# YOUR ASSIGNMENT
In the entries below, which lines run from the one with "bathroom featuring a" through the one with "dining room featuring"? Repeat exactly those, both included, and no pictures.
--- EXERCISE DATA ---
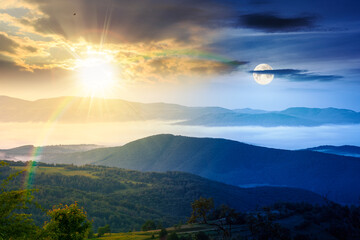 Obraz premium day meet night. foggy carpathian countryside on summer solstice. view of mountainous landscape with rural fields on rolling hills. sun and moon over fog in the valley. clouds above the mountain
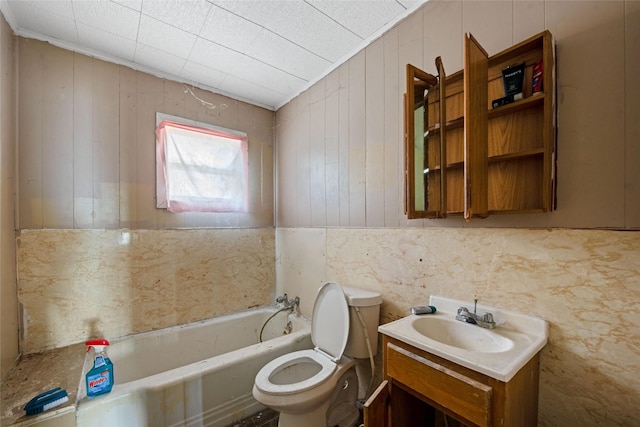 bathroom featuring a washtub, vanity, toilet, and wooden walls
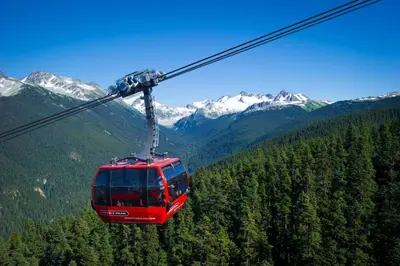 a red cable car flying through the mountains at Pinnacle Hotel Whistler in Whistler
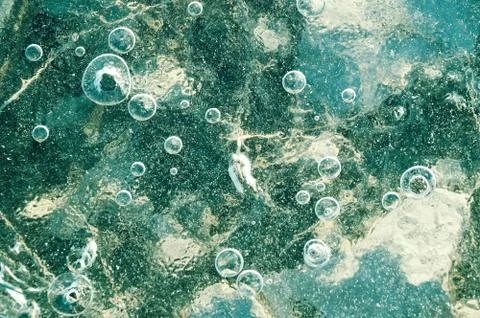 Texture abstract closeup background ice with grooves, furrows, and bubbles of Stock Photos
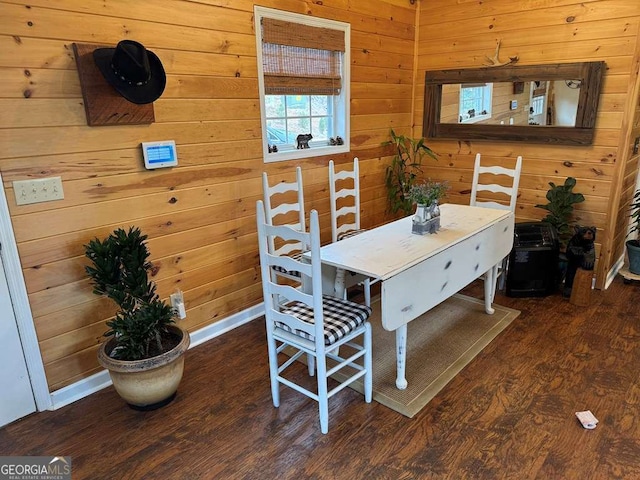 dining room featuring wood walls, wood finished floors, and baseboards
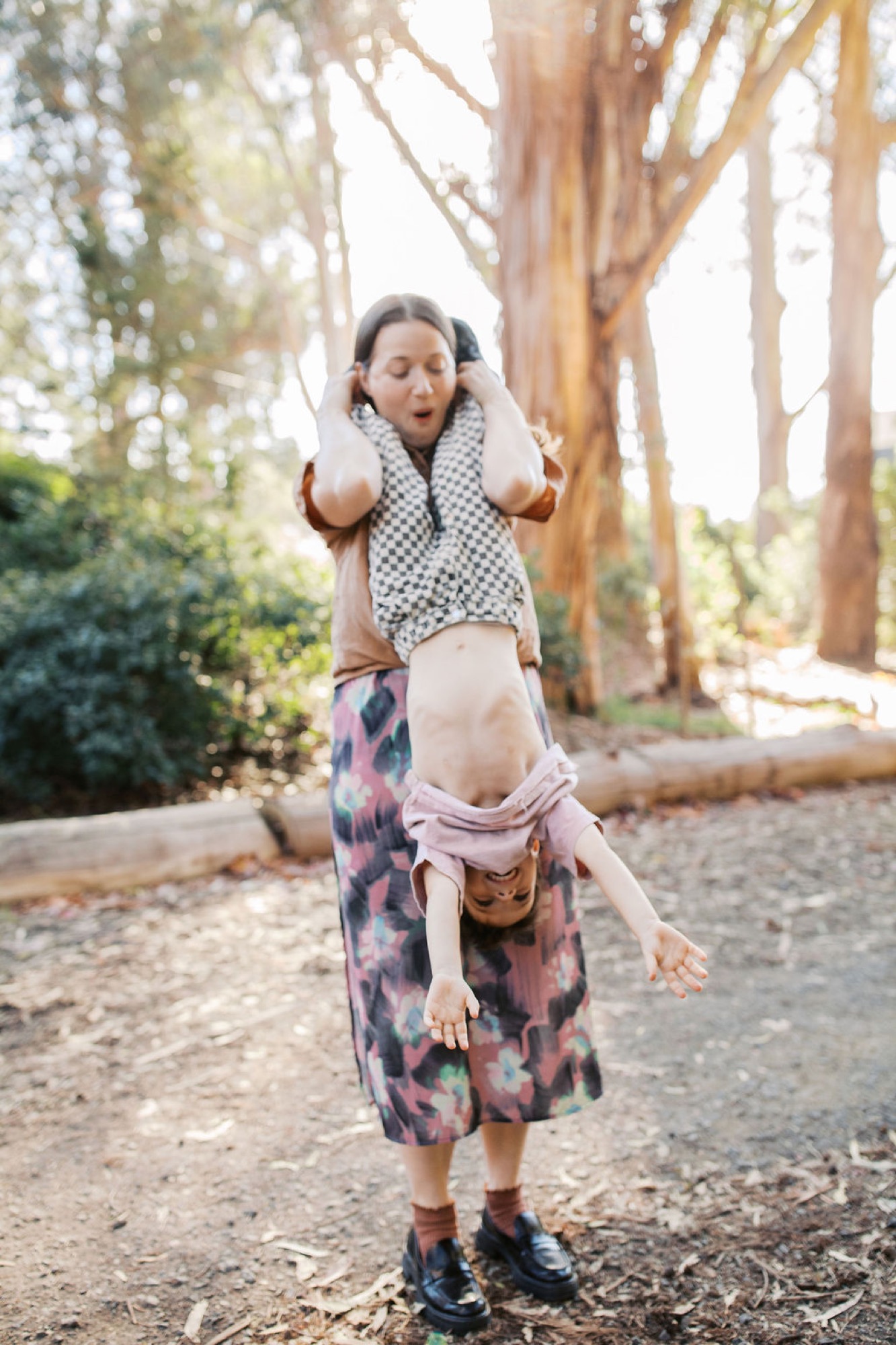 A child does a handstand on a shaded forest trail, wearing a patterned skirt and checkered shirt, with tall eucalyptus trees creating dappled light behind
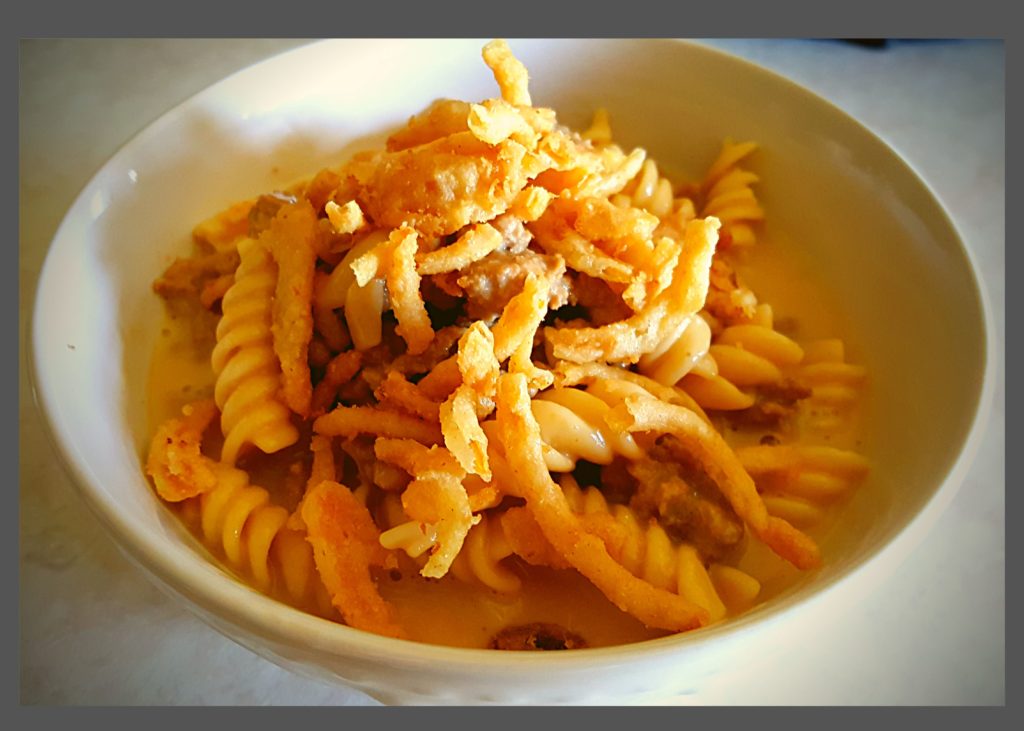 A white bowl filled with Instant pot hamburger helper topped with fried onions.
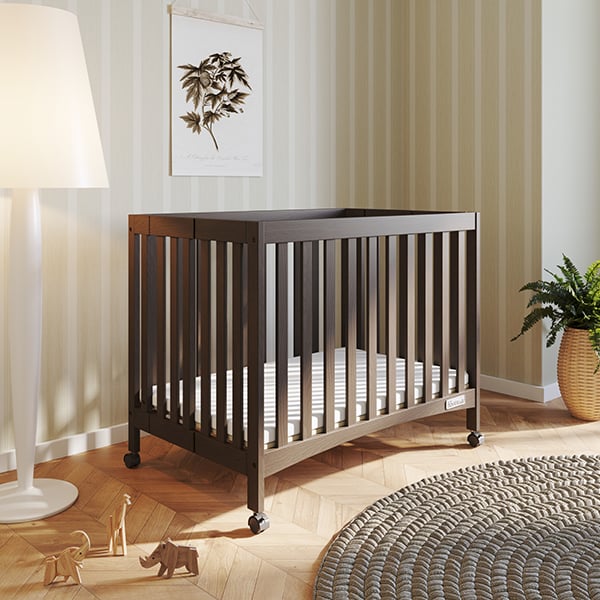 The London mini folding baby crib with Child Craft mattress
---
# EXERCISE ANSWER
 bathroom featuring a washtub, vanity, toilet, and wooden walls
 a red cable car flying through the mountains at Pinnacle Hotel Whistler in Whistler
 Texture abstract closeup background ice with grooves, furrows, and bubbles of Stock Photos
 dining room featuring wood walls, wood finished floors, and baseboards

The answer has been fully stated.